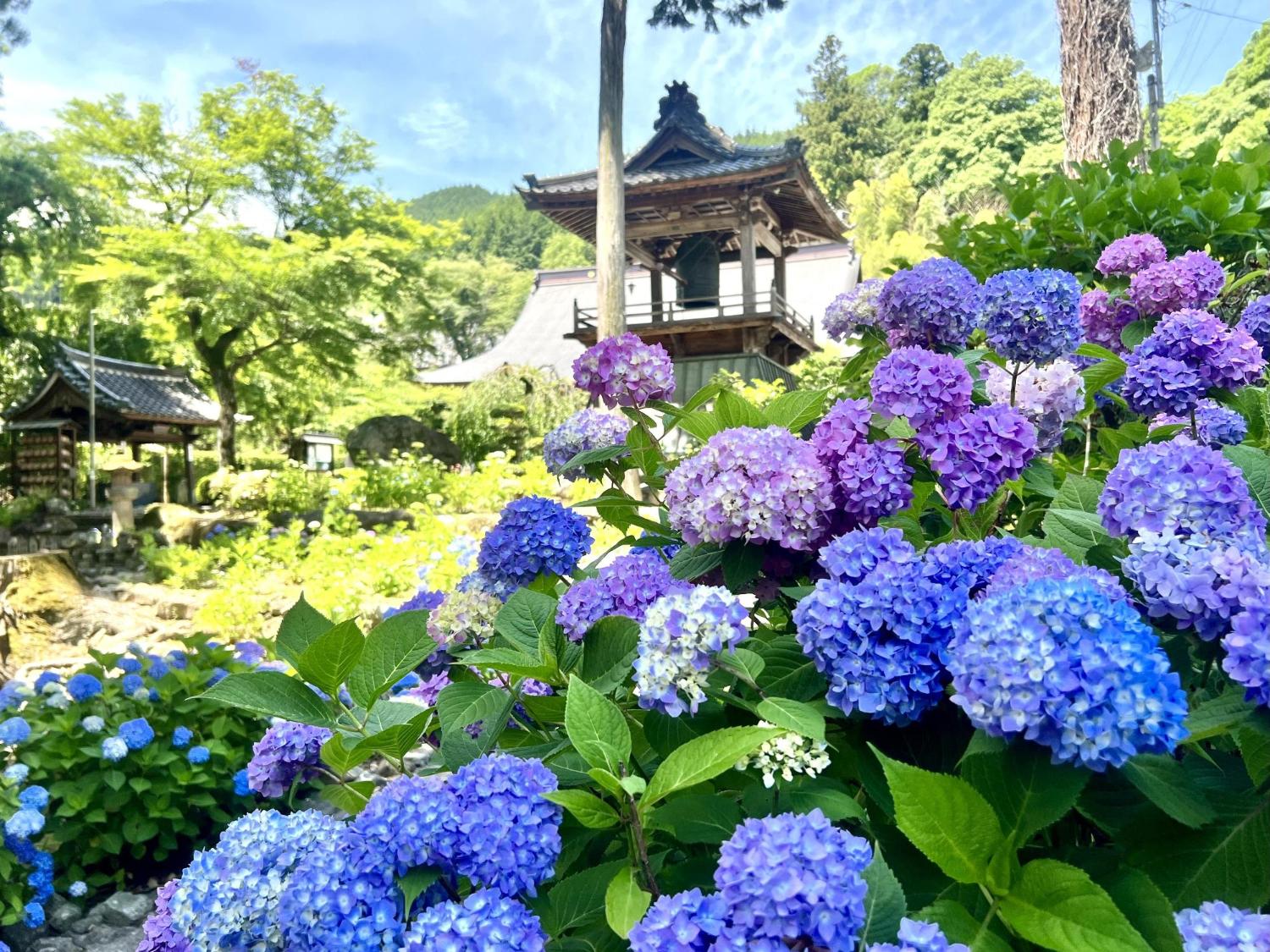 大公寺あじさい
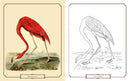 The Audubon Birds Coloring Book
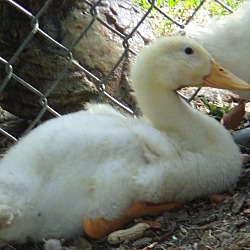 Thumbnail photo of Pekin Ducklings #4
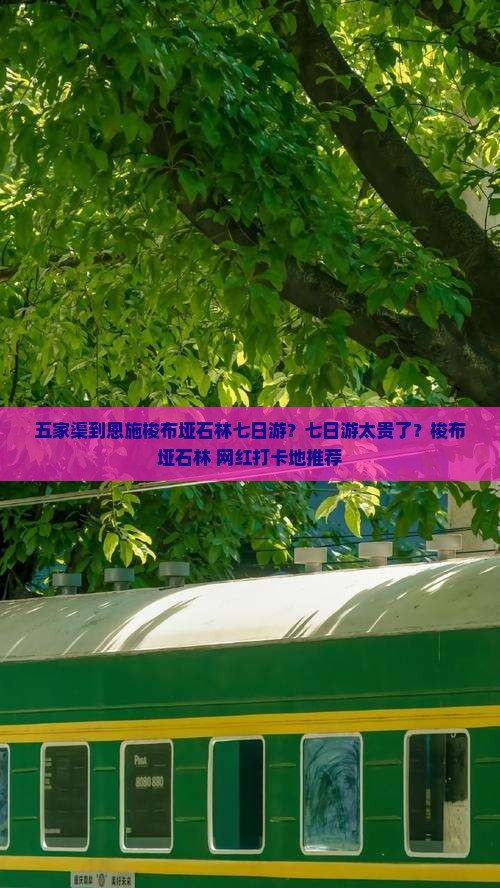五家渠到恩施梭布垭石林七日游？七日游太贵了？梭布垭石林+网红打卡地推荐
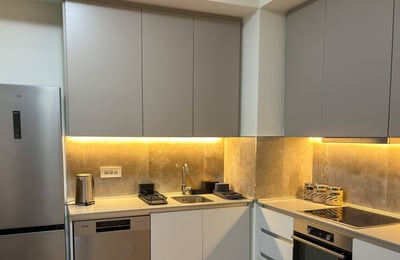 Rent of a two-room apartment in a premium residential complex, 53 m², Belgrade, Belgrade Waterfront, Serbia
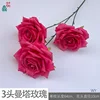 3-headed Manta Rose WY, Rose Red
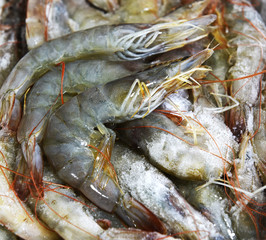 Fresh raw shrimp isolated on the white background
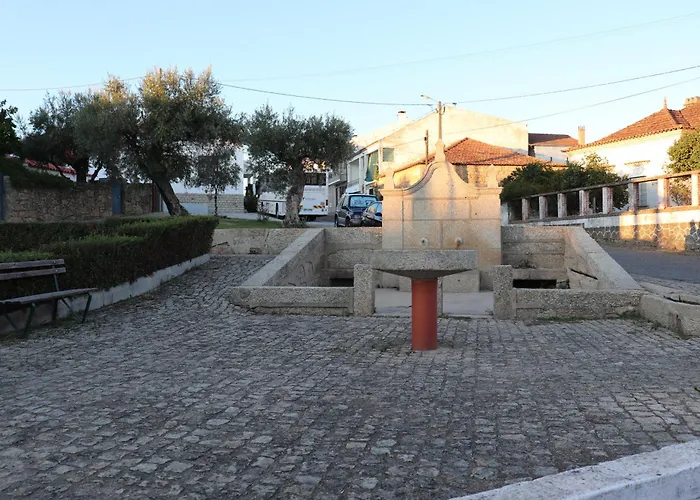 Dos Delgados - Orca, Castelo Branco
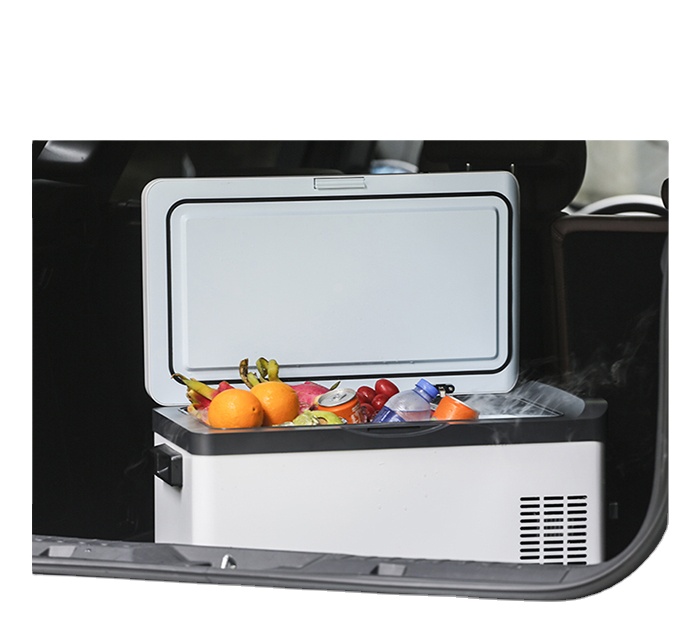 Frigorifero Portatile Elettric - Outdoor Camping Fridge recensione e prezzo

════════

## WHAT IS BEING ASKED
Your copy should hold exactly the lines from the line containing "Dos Delgados - Orca, Castelo Branco" through the last line of the listing above, both included, and no pictures.

## RESPONSE TO THIS EXERCISE
 Dos Delgados - Orca, Castelo Branco
 Frigorifero Portatile Elettric - Outdoor Camping Fridge recensione e prezzo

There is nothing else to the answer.